The Bharatiya Janata Party had promised that it would close down slaughterhouses in Uttar Pradesh within 24 hours of coming to power. Uttar Pradesh Chief Minister Yogi Adityanath fulfilled the party’s promise of shutting down illegal slaughterhouses. The swift action was lauded by certain sections of his constituency. However, as it turned out, the decision was half-baked and a roadmap to carry out an exercise of such monumental scale was not prepared in advance. The decision that was taken in haste by the new administration has resulted in a crisis in Uttar Pradesh within days of assuming power. The meat is hard to get, the revenue and jobs are in jeopardy, the meat sellers are striking against the government, and the government is threatening vigilantes with strict action: clearly the fallout of slaughterhouses crackdown is gradually going out of the hands of the Yogi Adityanath government.
Though the state government has maintained that the action would be taken against only illegal slaughterhouses, media reports suggested that a few legal slaughterhouses were shut as well. NDTV reported that a licensed buffalo slaughterhouse, ALM industries was shut in Saharanpur. The reason was given that a permit to draw groundwater had been pending. The report further said that Al-Aqsa and Al-Yasir plants were also closed in Meerut for not having an approved map. Similar reports were shown by other media outlets. CNN-News18 telecast a report in which a few legal chicken shop owners alleged that they were beaten by police and they were ordered to shut shop despite having the required documents. The vigilantism has reportedly created panic as even chicken and mutton’s supply is hit. Meanwhile, a report suggested that even allied industries are being harassed.

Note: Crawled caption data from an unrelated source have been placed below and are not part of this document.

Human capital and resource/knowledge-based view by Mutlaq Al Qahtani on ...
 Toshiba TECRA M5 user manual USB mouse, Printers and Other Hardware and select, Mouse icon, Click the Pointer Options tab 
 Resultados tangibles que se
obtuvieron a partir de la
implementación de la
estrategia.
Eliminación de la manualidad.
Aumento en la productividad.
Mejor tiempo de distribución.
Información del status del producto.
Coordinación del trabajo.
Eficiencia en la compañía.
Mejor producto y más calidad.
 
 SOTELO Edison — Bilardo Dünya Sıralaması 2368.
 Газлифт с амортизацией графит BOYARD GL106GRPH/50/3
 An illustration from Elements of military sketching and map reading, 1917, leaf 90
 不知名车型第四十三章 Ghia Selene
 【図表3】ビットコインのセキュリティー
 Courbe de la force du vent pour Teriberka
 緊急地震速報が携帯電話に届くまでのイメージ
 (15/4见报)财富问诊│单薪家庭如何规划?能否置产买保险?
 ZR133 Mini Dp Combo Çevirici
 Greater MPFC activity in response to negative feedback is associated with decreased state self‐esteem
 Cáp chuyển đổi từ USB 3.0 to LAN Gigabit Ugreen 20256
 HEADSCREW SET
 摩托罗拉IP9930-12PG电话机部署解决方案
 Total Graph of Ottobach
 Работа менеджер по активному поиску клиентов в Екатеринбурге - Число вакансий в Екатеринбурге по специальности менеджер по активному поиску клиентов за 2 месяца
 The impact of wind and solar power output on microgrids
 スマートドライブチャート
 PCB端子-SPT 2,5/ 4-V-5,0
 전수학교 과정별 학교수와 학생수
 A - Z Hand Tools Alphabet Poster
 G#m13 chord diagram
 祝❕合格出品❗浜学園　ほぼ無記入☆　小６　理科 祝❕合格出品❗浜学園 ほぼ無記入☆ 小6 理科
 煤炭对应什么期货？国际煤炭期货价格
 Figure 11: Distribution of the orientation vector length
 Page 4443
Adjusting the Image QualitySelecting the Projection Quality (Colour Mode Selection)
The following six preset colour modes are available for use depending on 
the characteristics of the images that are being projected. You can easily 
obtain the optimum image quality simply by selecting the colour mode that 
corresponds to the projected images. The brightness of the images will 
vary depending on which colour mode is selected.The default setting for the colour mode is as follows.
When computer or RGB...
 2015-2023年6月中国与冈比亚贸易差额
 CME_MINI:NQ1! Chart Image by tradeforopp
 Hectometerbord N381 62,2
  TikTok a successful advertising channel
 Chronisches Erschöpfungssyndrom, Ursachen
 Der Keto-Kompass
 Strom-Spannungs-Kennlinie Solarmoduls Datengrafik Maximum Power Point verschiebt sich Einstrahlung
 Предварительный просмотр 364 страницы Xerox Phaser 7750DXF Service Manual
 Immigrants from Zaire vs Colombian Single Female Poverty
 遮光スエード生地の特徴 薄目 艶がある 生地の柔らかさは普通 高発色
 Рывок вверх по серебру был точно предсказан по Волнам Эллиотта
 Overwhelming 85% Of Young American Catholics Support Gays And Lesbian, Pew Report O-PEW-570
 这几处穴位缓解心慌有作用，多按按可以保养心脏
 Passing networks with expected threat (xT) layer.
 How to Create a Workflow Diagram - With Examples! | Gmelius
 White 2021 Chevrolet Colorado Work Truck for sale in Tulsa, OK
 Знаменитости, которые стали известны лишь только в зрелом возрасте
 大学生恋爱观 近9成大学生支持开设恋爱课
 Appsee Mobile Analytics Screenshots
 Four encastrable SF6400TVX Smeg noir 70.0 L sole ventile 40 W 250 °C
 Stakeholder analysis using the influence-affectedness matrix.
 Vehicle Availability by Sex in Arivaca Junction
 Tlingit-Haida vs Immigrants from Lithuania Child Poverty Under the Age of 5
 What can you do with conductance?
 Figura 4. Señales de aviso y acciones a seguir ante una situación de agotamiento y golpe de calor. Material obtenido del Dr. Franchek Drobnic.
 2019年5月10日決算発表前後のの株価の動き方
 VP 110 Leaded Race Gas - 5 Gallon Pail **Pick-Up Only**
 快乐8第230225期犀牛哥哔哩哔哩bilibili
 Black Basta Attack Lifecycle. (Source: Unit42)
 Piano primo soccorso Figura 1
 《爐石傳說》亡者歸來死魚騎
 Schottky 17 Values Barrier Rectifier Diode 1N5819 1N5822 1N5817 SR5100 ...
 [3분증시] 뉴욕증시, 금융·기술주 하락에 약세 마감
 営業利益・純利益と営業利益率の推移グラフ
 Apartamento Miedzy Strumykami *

The government acknowledged the high-handedness. UP health minister Sidharth Nath Singh warned vigilantes of strict action. He said only illegal slaughterhouses were to be closed. He also said that action was not against anyone, but just to restore proper functioning of the industry. (Also read: Meat sellers to CM Yogi Adityanath: Fight for nation, not for ‘gosht’)
Yogi Adityanath, the new CM, has no prior administrative experience and it shows. The unsuccessful illegal slaughterhouse ban would be an education for the new CM that the state doesn’t run merely on good intentions, ground realities also need to be taken into account while undertaking a project so big in size. The biggest mistake CM Adityanath made is that he invested too much trust in the ailing law enforcement agencies. The police, often criticised for its lack of professionalism, showed over-enthusiasm in implementing two of Yogi Adityanath’s key projects– anti-Romeo squads and illegal slaughterhouse ban. Both times the government had to warn vigilantes. Before making such a hasty move, the inefficiency of the ailing system was not pondered over.
It seems other important questions were not discussed as well before announcing such a big move. According to a report in Hindustan Times, the industry is valued to be around Rs 15,000 crore and employs over 25 lakh people. The Yogi Adityanath government completely discounted the fact that the closure would result in big losses in revenue and employment. There was no plan for people who would lose jobs. The closure of slaughterhouses would also impact allied industries including food and leather.
A large chunk of supply-chain consists of unlicensed shops. Shutting down these shops would mean a huge gap in demand and supply. The Yogi Adityanath government has not made any arrangements to supply meat to the public.What the government should have done is send out notices to illegal slaughterhouses to mend ways or procure a license before taking action against them. At least, meat shop owners should have been given time to get licenses and comply with norms laid out for operation.
Another aspect that was not taken into consideration was what farmers would do to buffaloes that have stopped lactating. In the absence of slaughterhouses, the farmers would have to bear an additional burden of the upkeep of dry cattle.
The government did not ponder over these aspects before, but they will have to do that now as meat shop owners are striking and the new dispensation is under pressure.